Среди эпизодов наказания за формальные нарушения трудовой дисциплины обращает на себя внимание безразличие некоторых ответственных работников предприятий к своим сотрудникам. Стахановец военного времени А.Е. Пичугин, выполнявший нормы на 275–330 %, был осужден в январе 1943 г. за прогул по причине опоздания на поезд. На предприятии не захотели разобраться с причиной прогула, а просто отправили дело в суд, чем вызвали недовольство горкома, посчитавшего, что к работникам относятся формально. При дополнительном расследовании выяснилось, что причина опоздания на поезд крылась в неверном сообщении об отправлении состава со стороны начальника станции, с которой Пичугин уезжал на завод, т.к. он проживал вне города. Ответственные руководители предприятия не захотели это выяснить[54].

Случаи с несправедливыми и даже незаконными действиями отдельных начальствующих в отношении к рабочим и работницам, которые разбирали партийные инстанции, были не единичными. Партийные документы зафиксировали явно не все такие ситуации, но даже имеющиеся материалы показательны. Так, решением парткома завода имени Киркижа был привлечен к партийной ответственности и снят с работы Г.Ф. Туркин, работавший начальником ОЖКХ завода. Формулировка была следующей: за бездушное отношение к рабочим и работницам, что проявилось в отправке жены фронтовика Азарова на подвозку дров сразу после родов, в отправке матери двух фронтовиков Лебедевой в возрасте 60 лет на ту же заготовку дров.

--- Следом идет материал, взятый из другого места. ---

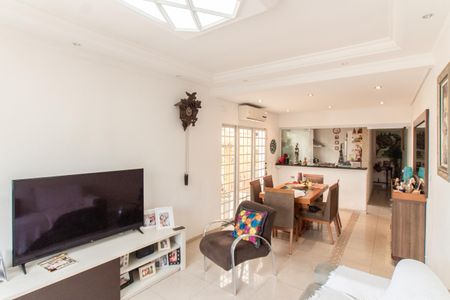 Sala de casa à venda com 3 quartos, 150m² em Jardim Japao, São Paulo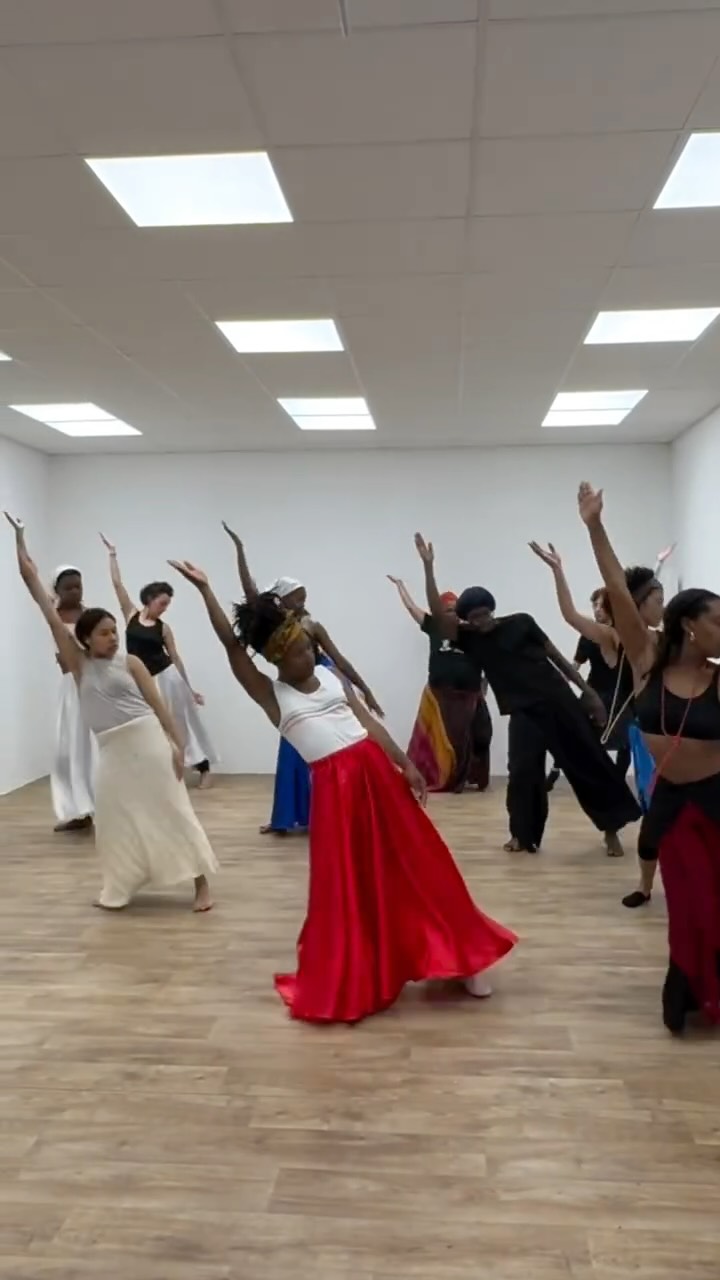 Groupe de danseuses et danseurs en plein mouvement lors d'un atelier KREYON'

Также проверкой были установлены факты игнорирования нужд рабочих при решении жилищно-бытовых вопросов, неоказания помощи семьям фронтовиков и непринятия мер по расселению больших групп рабочих, мобилизованных на завод. Наконец, Туркин не выполнил указания директора завода о размещении по общежитиям уже прибывших рабочих, которые были вынуждены расположиться на полу коридора отдела найма и увольнения. С завода его не уволили, но отправили на низовую работу[55]. Случай интересен несколькими моментами. Во-первых, все это происходило на стратегически важном заводе, игравшем ведущую роль в деятельности советского тыла. Во-вторых, еще раз подтверждаются катастрофические трудности с размещением и обслуживанием рабочих. В-третьих, подтверждается наличие системных проблем у властей различных уровней, идущих с 1930-х гг. Но при этом не следовало бы приписывать все промахи и личностные действия руководящих лиц эпохи только огрехам системы, забывая об обычном человеческом факторе.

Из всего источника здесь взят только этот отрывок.